Salah-satu yang terlihat berkumpul adalah seorang anak perempuan berambut panjang, berkulit putih, duduk di bagian tengah barisan. Mataku tertarik memperhatikannya, anak yang tengah berbisik-bisik dengan temannya sambil sesekali melirikku.
Sepertinya banyak sekali orang yang tertarik untuk bisik-bisik tentangku hari ini.
Aku tidak terlalu ingat apa ia ada di pesta malam kemarin itu. Karena harusnya aku sadar bahwa ada orang yang memperhatikanku dengan sesinis ini. Tapi berkenalan sekarang mungkin tidak akan terlambat. Aku akan duduk di sebelahnya.
"Kenapa? Kok lihat-lihat?" Tanyaku, mengambil duduk di sebelahnya yang menatapku ternganga.

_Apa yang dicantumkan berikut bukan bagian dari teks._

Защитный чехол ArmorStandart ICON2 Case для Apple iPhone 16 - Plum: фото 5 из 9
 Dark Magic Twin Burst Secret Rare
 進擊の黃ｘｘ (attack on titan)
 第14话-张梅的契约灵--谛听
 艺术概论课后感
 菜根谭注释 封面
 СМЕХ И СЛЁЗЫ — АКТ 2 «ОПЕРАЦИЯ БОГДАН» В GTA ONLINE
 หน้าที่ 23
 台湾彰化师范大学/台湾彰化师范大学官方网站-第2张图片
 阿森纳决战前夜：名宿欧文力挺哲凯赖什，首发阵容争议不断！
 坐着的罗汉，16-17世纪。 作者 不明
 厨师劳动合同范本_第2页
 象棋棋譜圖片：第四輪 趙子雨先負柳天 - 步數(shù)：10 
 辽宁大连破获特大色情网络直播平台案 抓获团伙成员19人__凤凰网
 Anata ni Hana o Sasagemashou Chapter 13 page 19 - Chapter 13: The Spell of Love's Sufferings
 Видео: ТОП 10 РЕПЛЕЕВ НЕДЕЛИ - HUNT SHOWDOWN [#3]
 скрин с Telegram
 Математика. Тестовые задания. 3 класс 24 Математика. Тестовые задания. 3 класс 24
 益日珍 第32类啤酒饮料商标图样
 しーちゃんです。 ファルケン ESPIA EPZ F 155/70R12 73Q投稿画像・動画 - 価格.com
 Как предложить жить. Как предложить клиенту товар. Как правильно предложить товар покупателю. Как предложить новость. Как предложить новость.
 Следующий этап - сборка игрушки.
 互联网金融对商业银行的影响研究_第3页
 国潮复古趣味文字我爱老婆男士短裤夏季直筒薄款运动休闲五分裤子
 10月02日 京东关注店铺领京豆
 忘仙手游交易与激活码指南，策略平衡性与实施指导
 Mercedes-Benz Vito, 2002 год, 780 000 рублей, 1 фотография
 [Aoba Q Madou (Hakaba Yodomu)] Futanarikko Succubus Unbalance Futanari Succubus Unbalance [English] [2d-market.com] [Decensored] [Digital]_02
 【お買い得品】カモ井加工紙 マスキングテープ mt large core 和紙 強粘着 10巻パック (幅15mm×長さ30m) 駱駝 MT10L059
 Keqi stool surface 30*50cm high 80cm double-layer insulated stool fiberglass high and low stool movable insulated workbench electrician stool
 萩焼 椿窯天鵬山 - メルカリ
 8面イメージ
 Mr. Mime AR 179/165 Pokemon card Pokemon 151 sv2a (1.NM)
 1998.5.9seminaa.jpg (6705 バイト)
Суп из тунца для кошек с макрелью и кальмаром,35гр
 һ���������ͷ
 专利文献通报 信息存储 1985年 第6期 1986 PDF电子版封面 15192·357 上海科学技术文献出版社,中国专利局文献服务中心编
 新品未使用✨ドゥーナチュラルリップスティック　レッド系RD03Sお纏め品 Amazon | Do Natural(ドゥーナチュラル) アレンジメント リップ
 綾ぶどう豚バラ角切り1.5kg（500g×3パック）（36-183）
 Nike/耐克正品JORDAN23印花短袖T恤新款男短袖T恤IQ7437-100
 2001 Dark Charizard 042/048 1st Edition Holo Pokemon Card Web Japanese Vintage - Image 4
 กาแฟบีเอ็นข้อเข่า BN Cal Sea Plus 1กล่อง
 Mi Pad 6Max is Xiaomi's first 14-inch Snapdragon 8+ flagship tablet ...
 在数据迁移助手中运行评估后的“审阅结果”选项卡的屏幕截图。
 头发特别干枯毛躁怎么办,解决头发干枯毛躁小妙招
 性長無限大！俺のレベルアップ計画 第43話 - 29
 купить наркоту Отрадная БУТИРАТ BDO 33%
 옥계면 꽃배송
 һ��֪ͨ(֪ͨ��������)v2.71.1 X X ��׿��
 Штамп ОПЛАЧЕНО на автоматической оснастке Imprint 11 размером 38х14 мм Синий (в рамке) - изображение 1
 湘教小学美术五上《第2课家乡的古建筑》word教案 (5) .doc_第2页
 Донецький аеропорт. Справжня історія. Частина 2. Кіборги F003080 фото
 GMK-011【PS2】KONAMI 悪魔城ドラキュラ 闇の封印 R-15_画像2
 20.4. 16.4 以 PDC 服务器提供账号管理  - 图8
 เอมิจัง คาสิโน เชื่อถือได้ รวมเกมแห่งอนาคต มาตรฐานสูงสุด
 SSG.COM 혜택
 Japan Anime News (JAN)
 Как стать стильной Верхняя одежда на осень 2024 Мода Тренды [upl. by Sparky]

Gadis itu segera menormalkan ekspresinya. Mata sinisnya kembali lagi. Kupikir dia akan menjawabku dengan segala hardikan dan ejekan. Tapi rupanya hanya berdiri dan pergi. Mengambil tempat duduk lain jauh di belakang. Aku memperhatikannya sampai ia duduk di bangku paling belakang.
Tadinya ingin kususuli dia kesana dan memaksanya menjawab pertanyaanku, tapi ada orang gila yang tiba-tiba memukul keras pundakku hingga berdenyut nyeri.
"Ara! Gue capek banget sumpah. Gedung ini keterlaluan luasnya. Gila!"
"Sakit, bangsat!" Makiku. Tapi Anya yang berkeringat bersikap seolah tangannya tidak pernah berdosa dan sibuk menetralkan napasnya yang satu-satu.
Aku menaruh tatapan pada gadis di belakang sana lagi. Cewek sinis yang kini menatapku seolah-olah punya banyak dendam itu. Selagi Anya mengeluh banyak hal dan bercerita panjang lebar soal ia yang tersesat dan segala macam. Di bawah tatapan penuh kemarahan yang bertubrukan dengan mataku, aku berpikir mungkin Anya benar. Aku terlalu berani sampai-sampai berhasil menciptakan banyak permusuhan di hari-hari pertamaku.